Эх, думаю, когда они еще так соберутся? Лови их потом всех порознь по городу…
– А ну, – говорю Виктору, – лети к Васильеву. Пускай приезжают, берут. А я покараулю.
Виктор убежал, я на всякий случай к соседнему дому в тень отошел. Стою, заглядываю через забор, нетерпение меня мучает…
И вдруг слышу позади себя ласковый голос:
– Интересуетесь нашей жизнью, товарищ Пронин?
Повернулся я: стоит передо мной Губинский и рядом с ним два парня – медведи, а не люди, каждый косая сажень в плечах.
– Да так, – говорю, – загляделся. Гулял по городу. Именины там, что ли?
– Да нет, – говорит Губинский. – Здесь Кирьяков живет. У него всегда люди собираются. Он сказки сказывать любит. А тут еще приезжий один зашел, записать их хочет. Нарочно для этого ездит. Песнями интересуется, былями… Да вам не угодно ли зайти?
– В другой раз как-нибудь, – говорю. – Поздно уж.
– Ничего не поздно, – отвечает Губинский. – Хозяин рад будет.
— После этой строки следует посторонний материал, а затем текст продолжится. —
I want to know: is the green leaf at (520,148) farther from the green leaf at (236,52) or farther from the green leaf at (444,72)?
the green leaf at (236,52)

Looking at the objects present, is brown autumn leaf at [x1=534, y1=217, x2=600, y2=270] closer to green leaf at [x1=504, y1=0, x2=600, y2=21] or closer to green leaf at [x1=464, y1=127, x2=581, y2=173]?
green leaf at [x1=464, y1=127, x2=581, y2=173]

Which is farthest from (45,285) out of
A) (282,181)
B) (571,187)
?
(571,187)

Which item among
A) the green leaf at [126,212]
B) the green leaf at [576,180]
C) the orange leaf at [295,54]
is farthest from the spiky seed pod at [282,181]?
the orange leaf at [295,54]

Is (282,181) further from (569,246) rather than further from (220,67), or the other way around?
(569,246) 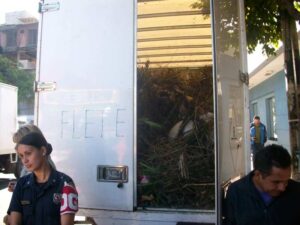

Право слово, зайдемте.
– Спать хочется, – говорю. – В другой раз.
– Идемте-идемте, – зовет Губинский.
Вижу – не уйти мне от них. Встали парни с боков у меня – не пойду, так поднимут и унесут.
– Если уж вы так настаиваете, – пойдемте, – говорю.
Подошли к калитке. Калитка заперта. Застучал Губинский, как-то не по-простому, с перерывами. Условный стук, конечно.
Выходит кто-то из дома, отодвигает засов, открывает калитку – показывается невысокий человек, немолодой, с бородкой.
– А я к тебе, Павел Федорович, гостя привел, – говорит Губинский. – Сказки твои пришли слушать.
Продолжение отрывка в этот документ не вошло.